EXERCISE MATERIALS: Begin

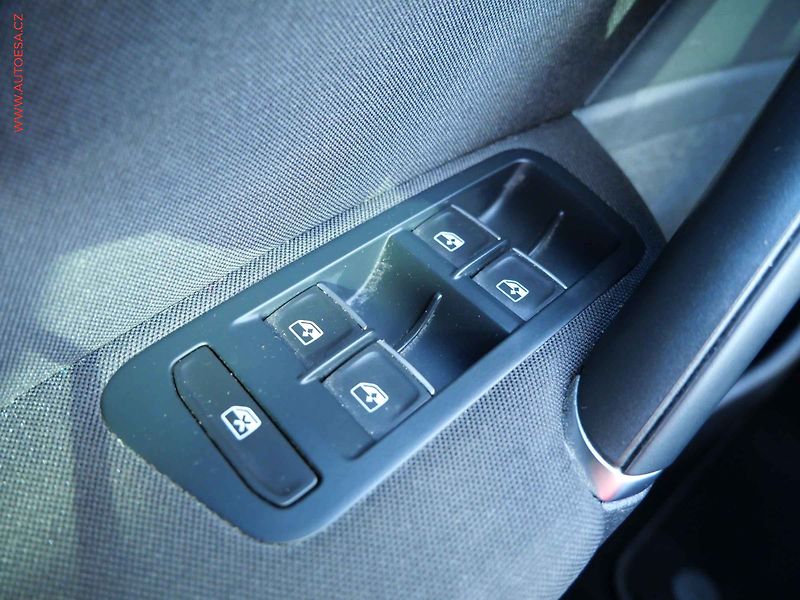 Volkswagen Golf (2020) 1.5 TSi, Highline, LED, panor - fotka 14 z 20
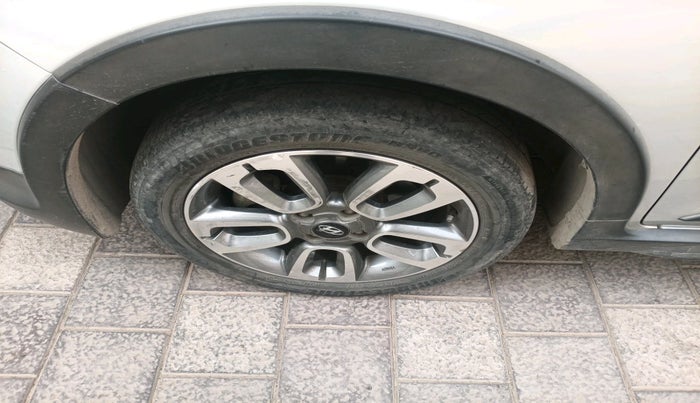 2015 Hyundai i20 Active 1.2 BASE, Petrol, Manual, 1,19,942 km, tyre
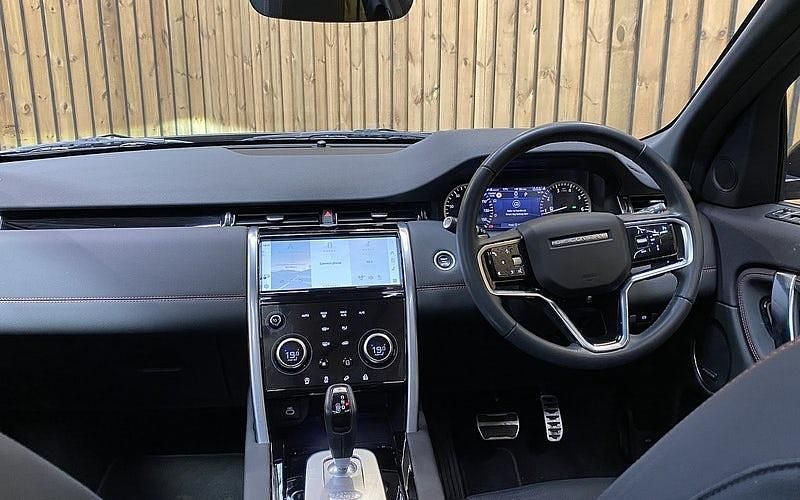 Used Land Rover Discovery Sport SE Dynamic 249 HP (183 kW) 2023 SUV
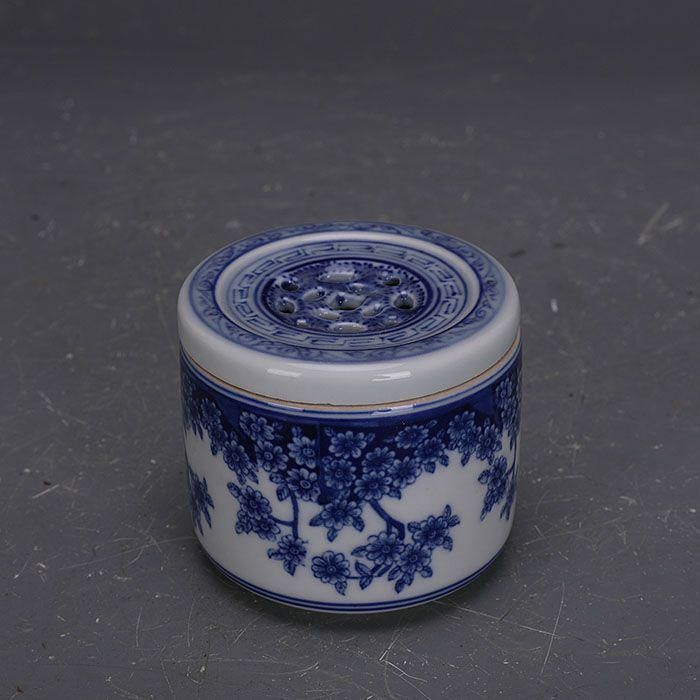 青花透かし彫り花鳥紋筒筒香炉 景徳鎮 陶磁器 装飾品 現代工芸品 美術
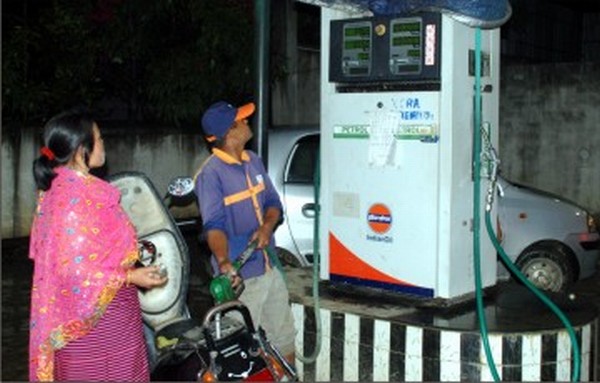 Vehicles line up at the first 24 hours petrol pump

EXERCISE MATERIALS: End

*EXERCISE PROMPT*
The records above are to be retyped exactly, with every picture left out.

*EXERCISE OUTPUT*
 Volkswagen Golf (2020) 1.5 TSi, Highline, LED, panor - fotka 14 z 20
 2015 Hyundai i20 Active 1.2 BASE, Petrol, Manual, 1,19,942 km, tyre
 Used Land Rover Discovery Sport SE Dynamic 249 HP (183 kW) 2023 SUV
 青花透かし彫り花鳥紋筒筒香炉 景徳鎮 陶磁器 装飾品 現代工芸品 美術
 Vehicles line up at the first 24 hours petrol pump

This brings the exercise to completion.